Please retype the data below line for line and leave out every picture.

[[ Data shown, beginning ]]

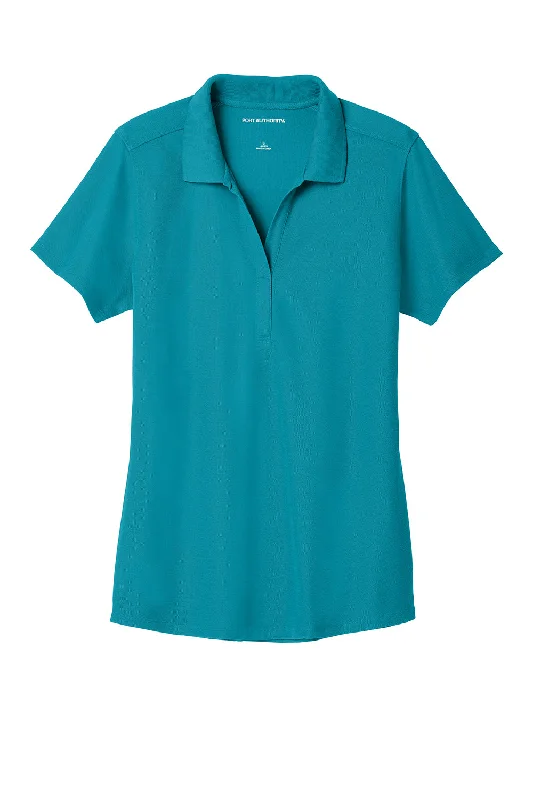 Port Authority Womens EZPerformance Moisture Wicking Short Sleeve Polo Shirt - Teal Blue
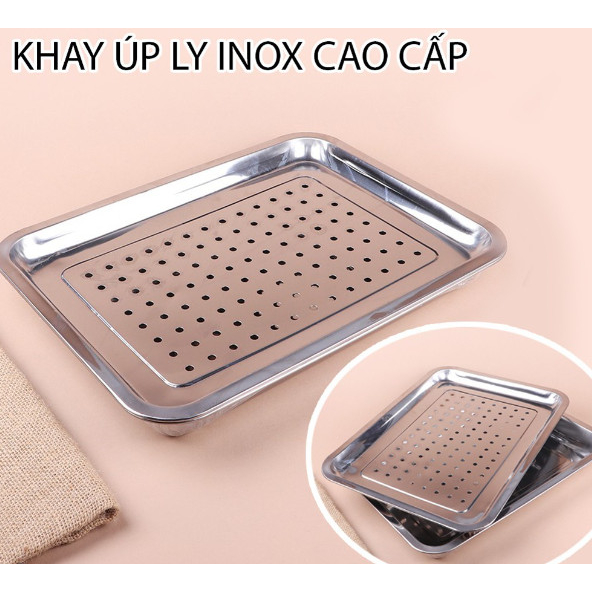Khay inox úp ly hình nhữ nhật - Khay cạn inox đựng đồ nướng CAO CẤP có lỗ thoát nước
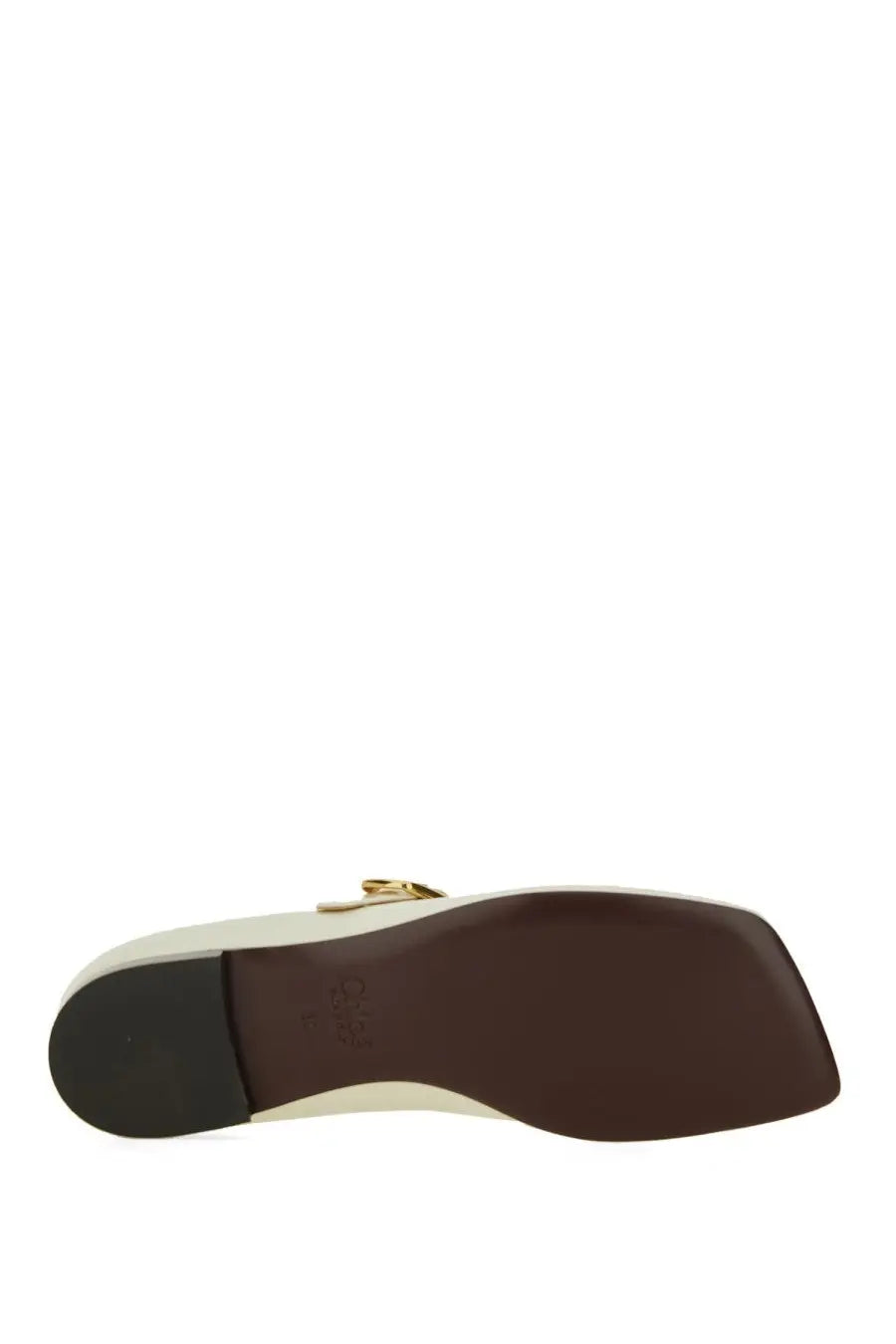 Chloé women’s ballerina polly white leather mule shoe with gold-tone buckle and brown rubber sole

[[ Data shown, end ]]

## Exercise solution
 Port Authority Womens EZPerformance Moisture Wicking Short Sleeve Polo Shirt - Teal Blue
Khay inox úp ly hình nhữ nhật - Khay cạn inox đựng đồ nướng CAO CẤP có lỗ thoát nước
 Chloé women’s ballerina polly white leather mule shoe with gold-tone buckle and brown rubber sole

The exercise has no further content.